Он вышел из восьмой камеры, прошел вдоль ряда запертых дверей к выходу, который вел к служебным помещениям.
Нельзя рисковать. Вернон вдруг понял, что надо спешить: ему следовало бы уже предупредить их, это его долг. Он вошел в один из кабинетов в служебной части, в комнату секретарей, маловероятно, что кто-то станет прослушивать стоящий здесь телефон.
Он выучил их номера наизусть.
Сначал он позвонил в Австрию. Он понятия не имел, который там сейчас час. Но это не играло никакой роли: она должна ответить, если телефон зазвонит, она ответит.
Разговор с Биргит Биркоф занял не больше минуты.
Вернон повесил трубку, затем позвонил в Денвер в Колорадо. Лотар Гринвуд почти ничего не сказал, выслушал и поблагодарил.
Уже шесть лет, как у них новые имена, новые биографии, новые медицинские лицензии, новая жизнь.
Они живы — но их как бы и нет.
Мариана Хермансон так и не решила, как ей отнестись к недавней гневной вспышке шефа, Эверта Гренса. Она казалась такой… напрасной. Конечно, Мариана признавала, что это глупость — ради политики замалчивать дело, даже безотносительно этических соображений, как в случае с Джоном Шварцем. Но злоба, которая вырвалась из Эверта, та агрессия, которую он носит в себе и чуть что выплескивает ее на первого встречного, пугая окружающих, — и не первый год, судя по всему, — это вызывало у Марианы недоумение и огорчало.
Она знала, что такое агрессивность. Она выросла в ее атмосфере.

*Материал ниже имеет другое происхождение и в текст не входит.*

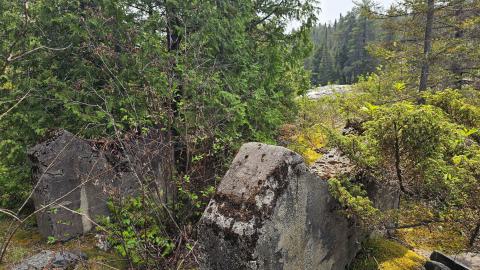 When the Levee Breaks - 20250606_142342.jpg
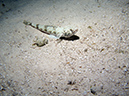 2011-12-05 Paradise Reef (8)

Но вот такого она не понимала.
Ее мать была шведкой, а отец цветным, первые годы жизни она провела среди людей сотни разных национальностей в той части Сконе, которая называется Русенгорд — особый район города Мальме. Там политики словно бы и не властны, там живут сплошь иммигранты, многие их недолюбливают, а некоторые сторонятся, но у них есть своя собственная сила, своя собственная жизнь и чертовски много агрессии, которая то и дело вырывается наружу, вспыхивая, как огонь.
Но не более того. Агрессия. Вспыхнет и так же быстро погаснет.
А вот эта тяжелая злоба Эверта, она словно навалилась на него, облепила и причиняла боль, с ней-то и не знаешь, как что делать, она безобразна и только делу помеха. Надо с ним поговорить — потом, когда будет время, разузнать, откуда она взялась, замечает ли он сам, что с ним происходит, может ли он сдержаться.
Прежде чем получить постоянное место, Хермансон проработала в Стокгольме шесть месяцев. Не так уж и долго, но здесь, в коридоре Крунубергской тюрьмы, она бывала уже не раз. Рядом с ней шел Свен Сундквист, он молчал с тех пор, как они вышли из кабинета Эверта. Она понимала, что он привык к таким вспышкам, и, возможно, махнул на них рукой. Хотя и его, несмотря на десять лет работы бок о бок, это все-таки смущало, и он шел и думал об этом, но не хотел разговаривать, словно его здесь и не было.